« L’histoire est célèbre » dit le programme, « elle a inspiré de nombreux compositeurs, mais la version de Gluck est sans aucun doute une des plus belles ». Tout à fait d’accord mais de quelle version d’Orfeo parle-t-on ? De celle de 1762, créée à Vienne par le castrat Gaetano Guadagni ? De celle de Paris, taillée en 1774 pour la voix du ténor Joseph Le Gros ? Ou de celle révisée par Berlioz en 1859 à l’intention de Pauline Viardot ?

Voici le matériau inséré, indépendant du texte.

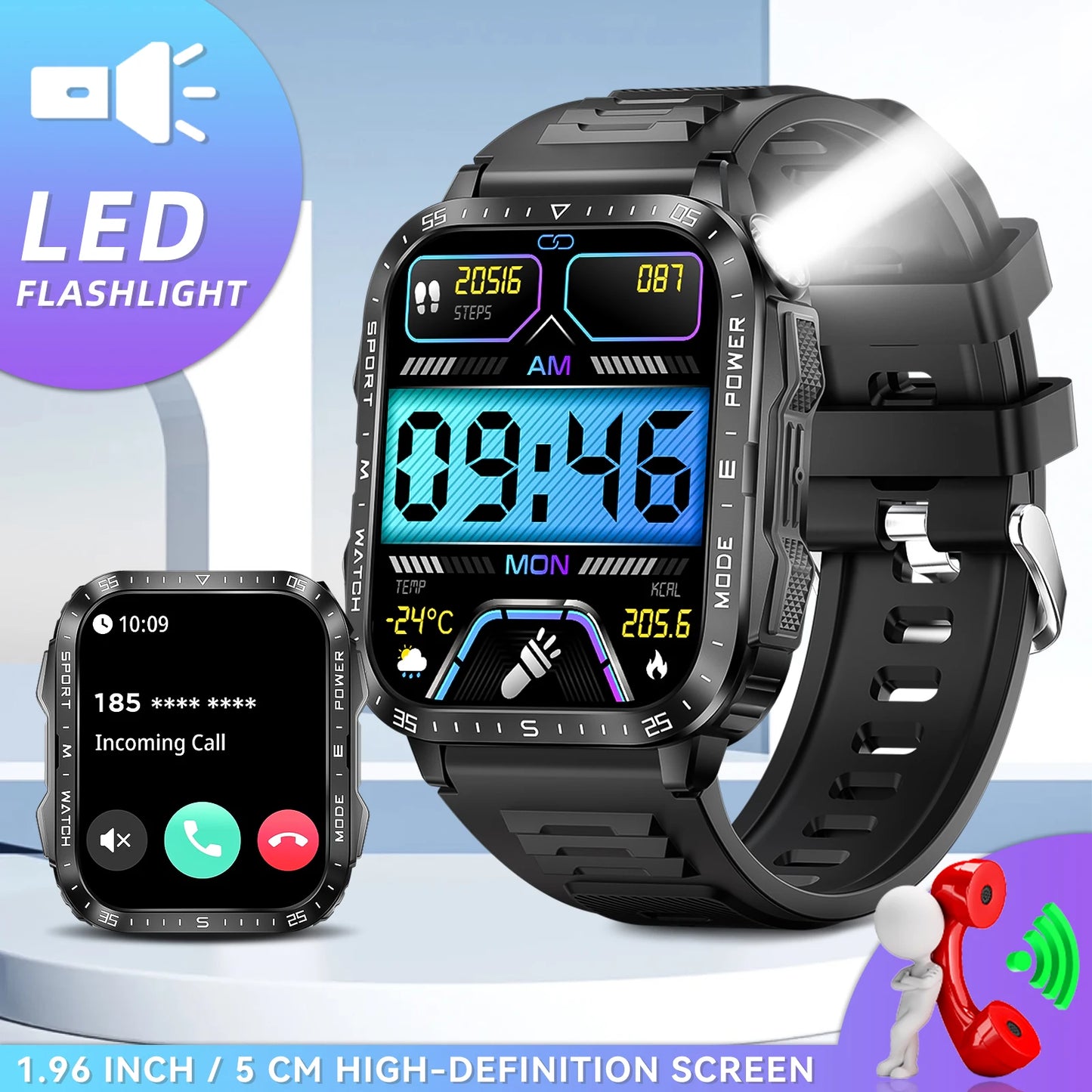 LaNikar New Military Smart Watch3ATM Waterproof Watch Fitness Tracker with Heart Rate Sleep Monitor MakeCalls for iPhone Android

Le programme, toujours lui, confirme la réponse que suggérait le nom de Franco Fagioli en tête d’affiche de cette représentation concertante du chef d’œuvre de Gluck : 1762, Vienne bien sûr. Qui mieux que celui que l’on considère aujourd’hui comme un phénomène vocal pour se mesurer à un rôle originellement destiné à l’un de ces chanteurs extraordinaires – au sens premier de l’adjectif – dont notre époque cherche à retrouver l’écho à jamais disparu. De fait, Franco Fagioli, dès les premières phrases, montre combien il est à l’aise avec une partition inconfortable pour nombre de ses confrères. C’est qu’il ne suffit pas d’avoir l’étrangeté du timbre pour avoir la voix d’Orfeo, il faut aussi pouvoir rendre justice à une écriture plus grave qu’il n’y parait – Guadagni était alto. Prenez les « Euridice » de la première scène, cette plainte d’Orphée qui ponctue les lamentations du chœur. Combien de fois la dernière syllabe du prénom de la bien-aimée, la plus basse sur la portée, disparaît derrière le catafalque dressé par l’orchestre. Détail évidemment mais la soirée est ainsi jalonnée d’effets, d’intentions, de vétilles même, sur lesquels l’interprète ne tire pas un trait et qui, ajoutés les uns aux autres, créent l’impression d’exception.
Le chant de Franco Fagioli, révélé au grand public par la virtuosité d’Arbace dans Artaserse, trouve avec Gluck moins à briller qu’à exprimer. Que les amateurs de roulades échevelées se rassurent cependant, entorse a été faite à la version originale pour insérer à la fin du premier acte l’ariette « l’espoir renaît dans mon âme » qui, pour italienne qu’elle puisse paraitre, appartient à la version de Paris. Il aurait été dommage que Franco Fagioli perde l’occasion d’exposer, dans un formidable feu d’artifice vocal, une agilité stupéfiante et un ambitus supérieur à la moyenne.
Pour autant, s’imposent ici d’autres qualités : la capacité notamment à colorer chaque son et, par voie de conséquence, l’incroyable nuancier dont le chant dispose. La technique accomplie, en unifiant les registres, fait la tessiture non seulement longue mais aussi variée sur toute la longueur. Cette palette de couleurs, l’artiste se montre suffisamment sensible pour en faire un large usage, atténuant la sensation de monotonie que peut engendrer une écriture souvent figée dans l’affliction. A l’occasion d’une interview accordée à Laurent Bury, Franco Fagioli disait son amour du bel canto. Là est peut-être la clé de son Orfeo, bien moins baroque finalement que romantique, par la puissance des contrastes, la démesure de l’expression, la grandeur du geste.
N’aurait-il pas fallu à ce chant, sinon une version du moins un cadre musical mieux en accord avec son esprit ? Devant tant de largesses, les sonorités de l’Insula Orchestra apparaissent souvent trop chétives et la direction de Laurence Equilbey, si animée et précise soit-elle, parfois raide. Rien à redire en revanche sur Emmanuelle de Negri et Malin Hartelius, Amore et Euridice différenciées de timbre mais égales de joliesse, ni sur Accentus qui donne à chaque intervention chorale sa juste mesure. « Trionfi Amore… », offert en bis à un public enthousiaste, consacre le succès d’un concert que l’on pourra applaudir de nouveau samedi 9 novembre, au Carré Belle Feuille à Boulogne-Billancourt.